START Entries shown

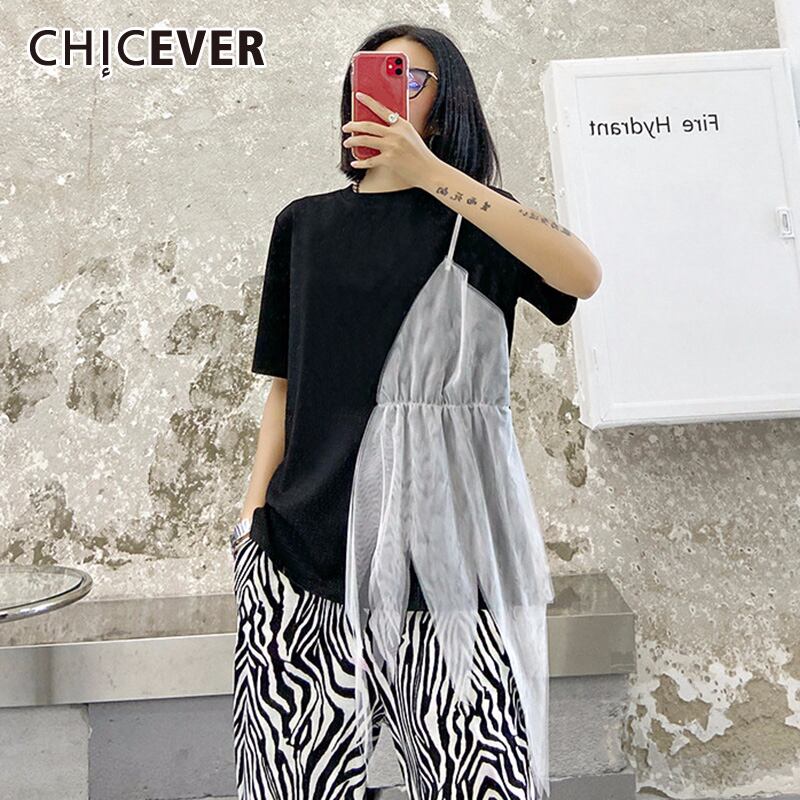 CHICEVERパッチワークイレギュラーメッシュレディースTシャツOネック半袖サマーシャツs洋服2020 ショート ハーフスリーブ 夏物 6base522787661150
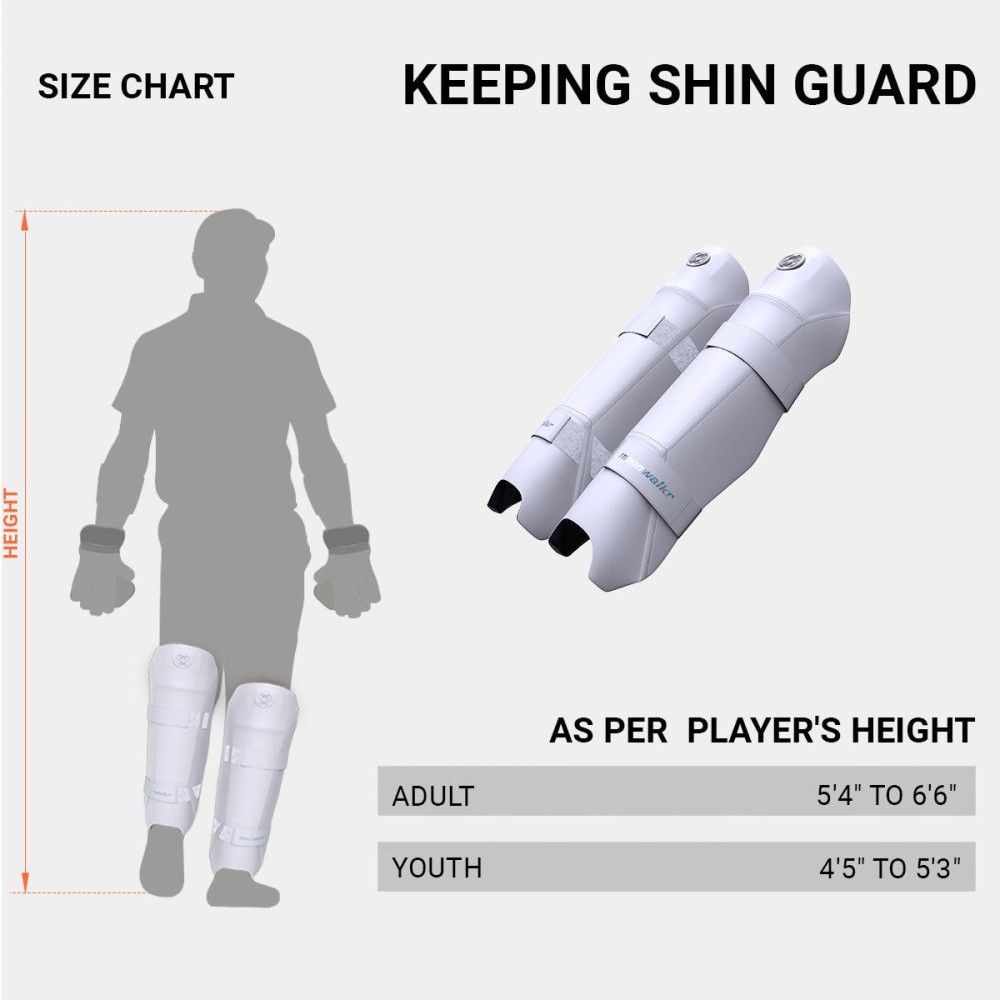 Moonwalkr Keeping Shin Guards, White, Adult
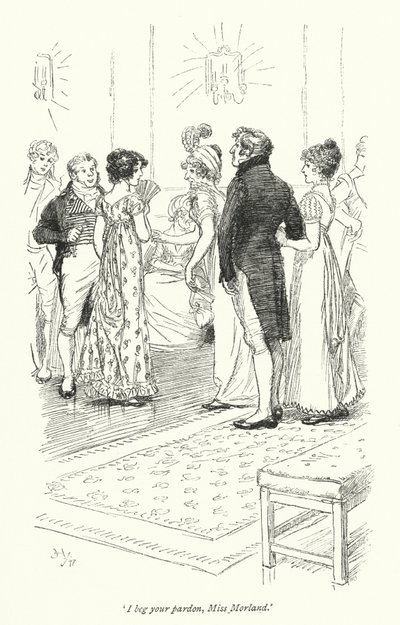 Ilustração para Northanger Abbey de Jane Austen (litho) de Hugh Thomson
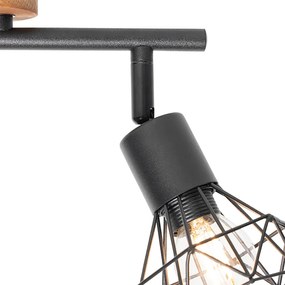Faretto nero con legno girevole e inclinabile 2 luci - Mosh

END Entries shown
START Entries shown

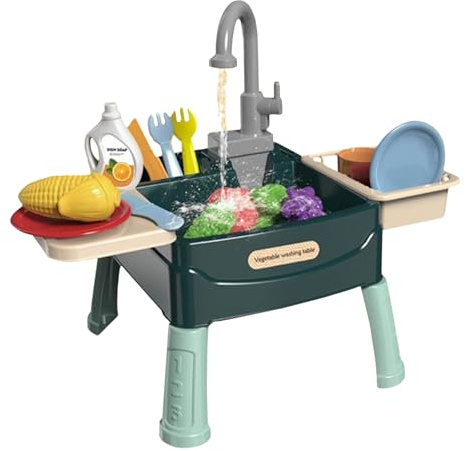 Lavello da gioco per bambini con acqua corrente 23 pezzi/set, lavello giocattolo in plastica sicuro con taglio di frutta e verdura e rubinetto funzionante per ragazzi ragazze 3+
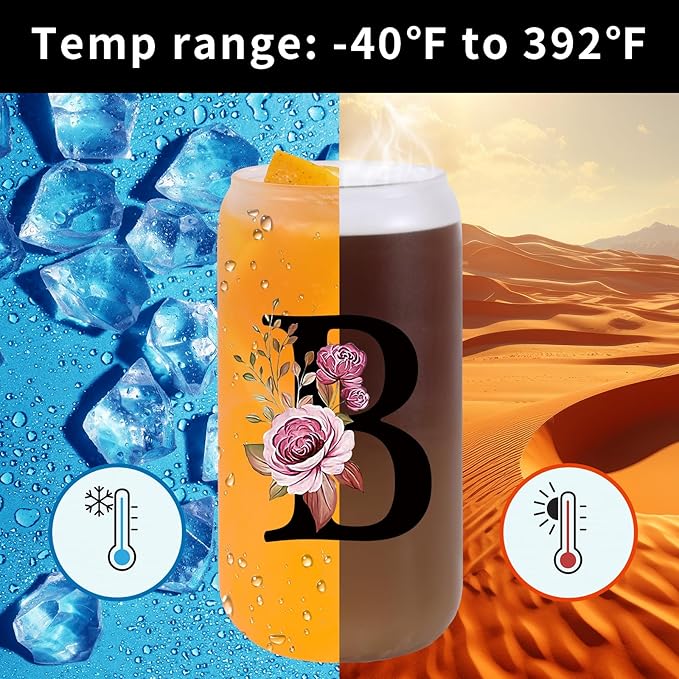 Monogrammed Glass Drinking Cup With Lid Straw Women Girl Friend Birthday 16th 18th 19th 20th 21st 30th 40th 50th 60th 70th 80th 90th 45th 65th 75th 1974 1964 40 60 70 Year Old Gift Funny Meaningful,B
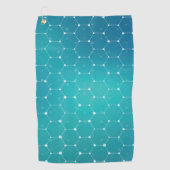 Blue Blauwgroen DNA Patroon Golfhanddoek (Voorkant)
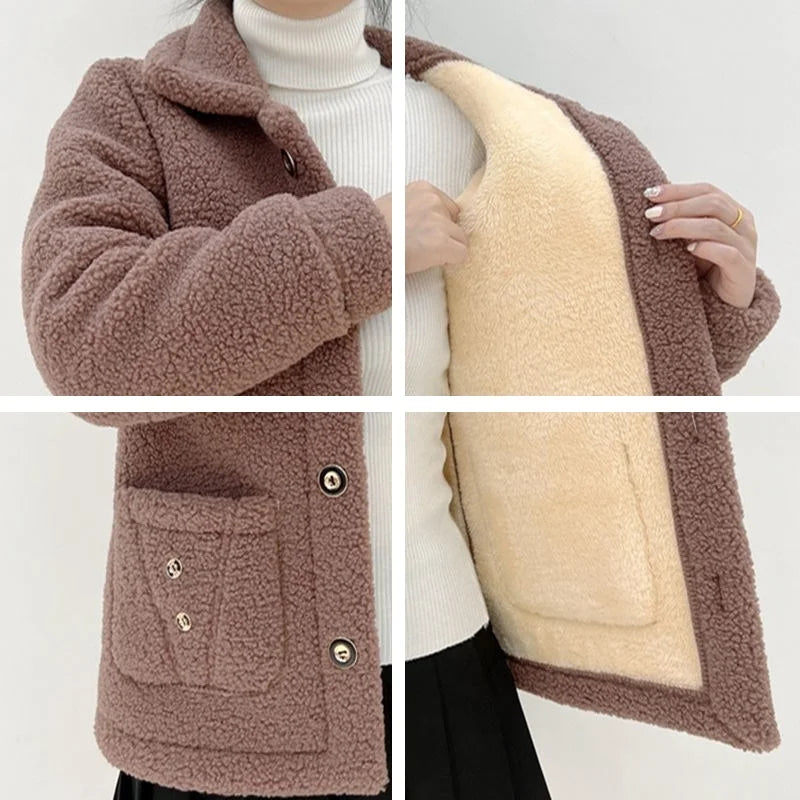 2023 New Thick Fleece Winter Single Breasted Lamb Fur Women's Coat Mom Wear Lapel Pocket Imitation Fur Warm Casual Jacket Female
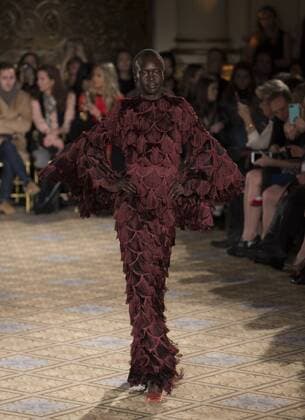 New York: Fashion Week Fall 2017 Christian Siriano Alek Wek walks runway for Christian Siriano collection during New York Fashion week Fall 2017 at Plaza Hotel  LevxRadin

END Entries shown
START Entries shown

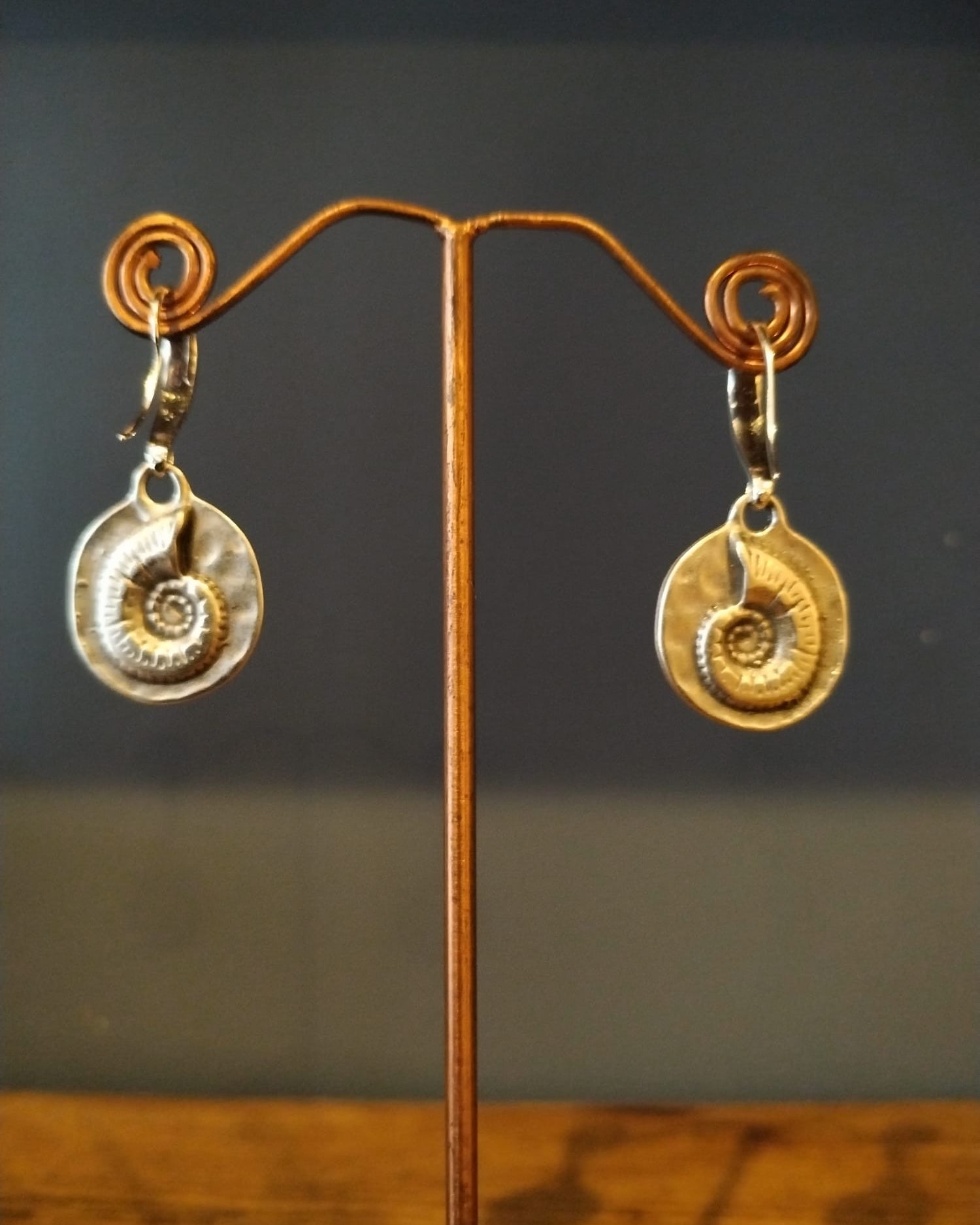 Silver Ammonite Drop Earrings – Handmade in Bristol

END Entries shown

== Work to be completed ==
Everything between and including the line above containing "ハーフスリーブ 夏物 6base522787661150" and the line containing "Faretto nero con" should be reproduced exactly, with pictures excluded.

== Answer box ==
 CHICEVERパッチワークイレギュラーメッシュレディースTシャツOネック半袖サマーシャツs洋服2020 ショート ハーフスリーブ 夏物 6base522787661150
 Moonwalkr Keeping Shin Guards, White, Adult
 Ilustração para Northanger Abbey de Jane Austen (litho) de Hugh Thomson
Faretto nero con legno girevole e inclinabile 2 luci - Mosh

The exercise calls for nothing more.